A prudência do manejo fiscal e monetário do período Palocci-Meirelles foi substituída pela intensificação do populismo fiscal, ou populismo keynesiano, como chamam alguns, com ênfase na expansão do crédito ofertado pelos bancos estatais a juros baixos. O consumo passa a ser o motor do crescimento.

Ao cabo dos dois primeiros anos de governo, a presidente Dilma desfrutava de elevado conceito e exibia então ponderáveis índices de aprovação, mas aquele clima de confiança e entusiasmo do período lulista havia desaparecido.

O descontrole fiscal e monetário, o baixo crescimento do nível de atividade, a inflação beirando o teto da meta, o crescente endividamento das famílias, o dólar em trajetória de alta, a ausência de mobilidade nos centros urbanos, os problemas de infraestrutura e de serviços básicos, etc., etc., davam o pano de fundo a um novo ambiente que se formava, pleno de inquietações, ainda recônditas.

O choque de realidade veio com as manifestações de junho de 2013, no decorrer das quais a população saiu do armário e externou suas insatisfações com o status quo, exigindo mudanças nas ações do governo, ademais de, simplificadamente, demandar combate à corrupção, novas práticas políticas, e serviços públicos de qualidade. 

À época, o quadro de aflições e ansiedades foi emoldurado pelos desfechos do mensalão (os primeiros esguichos da Operação Lava Jato não haviam jorrado ainda), arremessando a cúpula do PT no epicentro da corrupção, o que, inevitavelmente, respingou no governo e na imagem da presidente. 

A popularidade de Dilma sofreu, então, um abalo de proporções sísmicas em conseqüência daquelas insurgências das ruas físicas, expandidas nas ruas virtuais, tendo seu índice de ótimo e bom despencado de 65% em março para 30% em junho, segundo o Datafolha.

Registre-se que o mau humor com o executivo naqueles instantes deu-se em todos os estratos socioeconômicos e geográficos, inclusive no seio das classes favorecidas com a política governamental.

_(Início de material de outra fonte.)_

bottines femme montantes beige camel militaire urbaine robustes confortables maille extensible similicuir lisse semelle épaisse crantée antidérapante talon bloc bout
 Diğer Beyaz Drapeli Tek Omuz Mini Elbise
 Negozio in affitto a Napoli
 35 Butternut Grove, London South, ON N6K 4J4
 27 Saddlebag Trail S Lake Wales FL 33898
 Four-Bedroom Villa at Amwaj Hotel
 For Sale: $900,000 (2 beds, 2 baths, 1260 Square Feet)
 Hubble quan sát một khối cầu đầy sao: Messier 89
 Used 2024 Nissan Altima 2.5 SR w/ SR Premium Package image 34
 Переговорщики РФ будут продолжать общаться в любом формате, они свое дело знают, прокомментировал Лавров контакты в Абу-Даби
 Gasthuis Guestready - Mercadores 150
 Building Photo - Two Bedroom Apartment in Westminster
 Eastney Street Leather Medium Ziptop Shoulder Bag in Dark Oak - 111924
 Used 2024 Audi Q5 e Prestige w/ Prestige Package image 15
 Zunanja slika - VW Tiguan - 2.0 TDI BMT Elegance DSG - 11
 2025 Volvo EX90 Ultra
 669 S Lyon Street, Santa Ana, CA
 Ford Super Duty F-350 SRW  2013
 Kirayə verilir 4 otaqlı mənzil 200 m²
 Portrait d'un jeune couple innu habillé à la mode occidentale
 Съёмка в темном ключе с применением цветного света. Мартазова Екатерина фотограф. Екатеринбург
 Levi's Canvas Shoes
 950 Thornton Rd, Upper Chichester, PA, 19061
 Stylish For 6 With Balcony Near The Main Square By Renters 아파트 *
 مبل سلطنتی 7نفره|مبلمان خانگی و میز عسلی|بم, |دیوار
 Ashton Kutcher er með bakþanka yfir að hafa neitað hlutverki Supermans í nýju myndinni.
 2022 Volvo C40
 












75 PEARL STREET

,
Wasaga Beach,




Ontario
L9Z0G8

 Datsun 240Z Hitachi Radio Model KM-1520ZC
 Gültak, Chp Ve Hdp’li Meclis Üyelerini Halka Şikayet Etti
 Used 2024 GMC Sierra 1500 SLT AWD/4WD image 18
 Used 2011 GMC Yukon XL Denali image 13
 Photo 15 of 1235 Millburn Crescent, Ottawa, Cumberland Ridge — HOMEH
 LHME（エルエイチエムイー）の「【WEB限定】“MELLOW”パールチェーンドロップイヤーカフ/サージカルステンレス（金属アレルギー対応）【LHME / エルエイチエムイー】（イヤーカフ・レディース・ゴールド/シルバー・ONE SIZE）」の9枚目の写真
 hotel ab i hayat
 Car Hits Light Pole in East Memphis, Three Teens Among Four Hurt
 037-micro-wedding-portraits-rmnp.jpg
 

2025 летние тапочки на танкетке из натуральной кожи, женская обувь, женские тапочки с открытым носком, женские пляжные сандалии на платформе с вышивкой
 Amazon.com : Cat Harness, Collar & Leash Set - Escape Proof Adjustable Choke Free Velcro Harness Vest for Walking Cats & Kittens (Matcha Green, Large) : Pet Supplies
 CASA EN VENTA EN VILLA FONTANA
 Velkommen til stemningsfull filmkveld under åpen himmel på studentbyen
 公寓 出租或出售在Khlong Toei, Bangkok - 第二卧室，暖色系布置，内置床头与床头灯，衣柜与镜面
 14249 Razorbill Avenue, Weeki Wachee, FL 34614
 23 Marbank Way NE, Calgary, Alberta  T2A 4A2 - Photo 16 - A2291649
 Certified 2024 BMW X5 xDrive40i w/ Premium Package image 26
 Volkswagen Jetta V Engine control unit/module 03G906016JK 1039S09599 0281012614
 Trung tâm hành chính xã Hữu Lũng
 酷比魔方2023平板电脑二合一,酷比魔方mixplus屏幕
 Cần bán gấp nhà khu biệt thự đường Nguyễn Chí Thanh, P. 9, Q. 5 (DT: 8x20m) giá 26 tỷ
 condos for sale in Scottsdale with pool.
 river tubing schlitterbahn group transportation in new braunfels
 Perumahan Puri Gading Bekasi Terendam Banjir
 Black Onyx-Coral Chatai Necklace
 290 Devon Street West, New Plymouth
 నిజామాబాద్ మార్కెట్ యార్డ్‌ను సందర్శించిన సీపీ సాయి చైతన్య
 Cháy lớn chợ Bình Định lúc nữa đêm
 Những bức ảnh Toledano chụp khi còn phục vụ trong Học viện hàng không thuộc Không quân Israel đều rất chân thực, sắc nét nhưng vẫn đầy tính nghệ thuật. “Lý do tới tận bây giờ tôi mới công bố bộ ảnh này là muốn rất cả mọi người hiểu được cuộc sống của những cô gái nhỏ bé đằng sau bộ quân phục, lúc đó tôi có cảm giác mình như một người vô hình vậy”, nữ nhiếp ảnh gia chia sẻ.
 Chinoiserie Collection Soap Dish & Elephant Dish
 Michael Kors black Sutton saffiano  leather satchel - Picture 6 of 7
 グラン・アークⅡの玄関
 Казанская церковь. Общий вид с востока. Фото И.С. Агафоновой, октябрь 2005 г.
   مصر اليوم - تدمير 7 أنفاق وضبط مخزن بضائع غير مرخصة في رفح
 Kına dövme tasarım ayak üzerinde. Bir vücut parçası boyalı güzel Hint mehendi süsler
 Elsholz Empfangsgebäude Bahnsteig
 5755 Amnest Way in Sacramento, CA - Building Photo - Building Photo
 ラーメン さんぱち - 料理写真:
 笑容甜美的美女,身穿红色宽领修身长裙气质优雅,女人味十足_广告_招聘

Na faixa de renda familiar de 2 a 5 SM, por exemplo, o baque de popularidade acompanhou a média nacional, com uma redução de 35 pontos de percentagem, entre março e junho, passando de 63% para 28%.

Através de desconstrução das candidaturas concorrentes, falseamento da realidade e propaganda enganosa, a presidente chegou à eleição de outubro de 2014 recuperando 12 pontos na sua popularidade, cravando 42% de ótimo e bom na pesquisa de véspera do segundo turno do Instituto Datafolha (vide gráfico que acompanha o texto).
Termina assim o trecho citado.